4. A fourth criterion is drawn from the relation which the appearance of the symptoms bears to the last article of food or drink that was taken. I believe that the effects of the common narcotics, in the cases where they prove fatal, begin not later than an hour, or at the utmost two hours, after they are taken; and in a great majority of instances they begin in a much shorter time, namely, in fifteen or thirty minutes. Hence if it can be proved that the nervous symptoms, under which a person died, did not begin till several hours after he took food, drink or medicine, it appears almost, if not absolutely certain, that a narcotic poison cannot have been the cause of death. To some narcotic, or rather narcotico-acrid poisons this rule certainly will not apply, such as the poisonous fungi and spurred rye; which seldom begin to act for several hours, sometimes for not less than a day and a half. Neither will the rule apply to poisoning with the deleterious gases, as their action has no connexion at all with eating or drinking. But these facts do not form a material objection to the rule laid down; because the circumstances under which cases of the kind occur are generally so apparent, as at once to point out their real nature to a careful inquirer.
In regard to apoplexy as the disease which resembles most closely the effects of the narcotics, it was formerly stated that this disease is apt to occur soon or immediately after taking a meal (p. [95]).[[1630]] In the greater number of such cases, however, where the meal has been the exciting cause of the disease, the symptoms have begun immediately after, or even during a meal. This is very rarely the case with the symptoms of narcotic poisoning, and never happens in respect to those of the commonest of the narcotics, opium: An interval of 10, 15, 20 or 30 minutes always occurs. The deleterious gases and hydrocyanic acid, with its compounds, are the only familiar narcotic poisons which act more swiftly.
5. Another criterion relates to the progress of the symptoms. The symptoms of narcotic poisoning advance for the most part gradually: but those of apoplexy in general begin abruptly. Sometimes apoplexy commences at once with deep sopor. Narcotic poisoning never begins in that way, except in the instances of hydrocyanic acid and the narcotic gases; the sopor is at first imperfect, and it increases gradually, though sometimes very rapidly. Apoplexy, however, does not always begin with deep sopor; occasionally the sopor begins and increases like that of narcotism.

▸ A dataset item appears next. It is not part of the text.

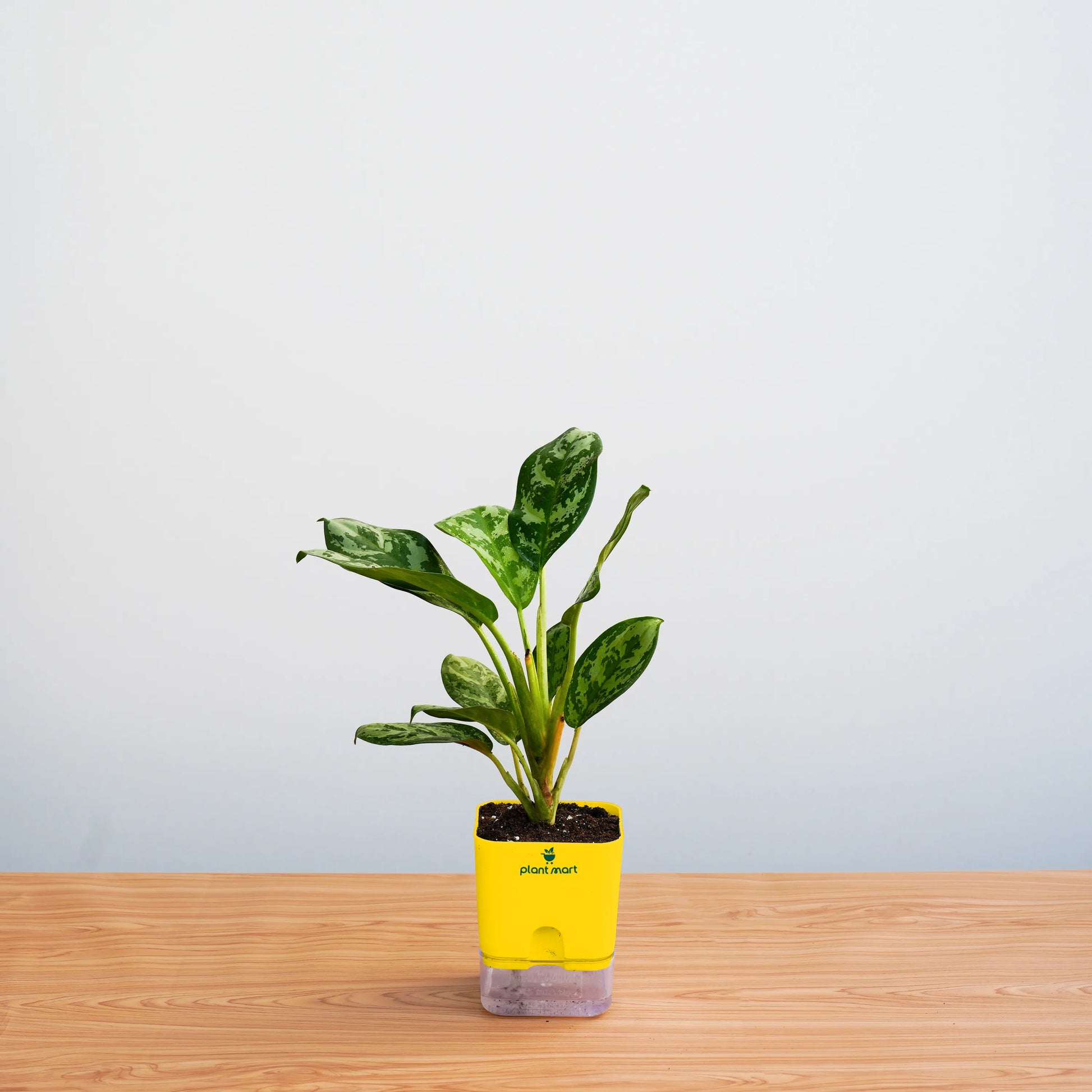 Small potted plant in a yellow pot on a wooden surface with a light gray background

6. Although there is a great resemblance between the symptoms of apoplexy and those of narcotism, so far as regards their general features, there are particulars which are not indeed always present, but which when present will help to distinguish the one from the other. When the sopor of apoplexy is completely formed, it is rarely possible to rouse the patient to consciousness, and never, I believe, where the risk of confounding apoplexy with poisoning is greatest,—in the cases where death happens neither instantly, nor after the interval of a day, but in a few hours. On the other hand, in many cases of poisoning with the narcotics, and particularly with the commonest variety, opium, the person may be roused from the deepest lethargy, if he is spoken to in a loud voice, or forcibly shaken for some time, or if water is injected into his ear. Even in cases of poisoning with opium, however, the coma may have continued too long to admit of this temporary restoration to sense; the susceptibility of being roused is not so often remarked in other varieties of narcotic poisoning; and in some, such as poisoning with prussic acid, I am not aware that it has ever been remarked, at least in fatal cases.
There are some other symptoms which in special cases may help to distinguish narcotic poisoning from apoplexy. Thus in poisoning with opium convulsions are rare; in apoplexy they are common enough. Bloating of the countenance is likewise much more common in apoplexy than in poisoning with opium. In apoplexy, too, the pupil is generally dilated, while in poisoning with opium the pupil is almost always contracted. But such distinctions do not apply either to the narcotics as a class, or to all cases of any one kind of narcotic poisoning.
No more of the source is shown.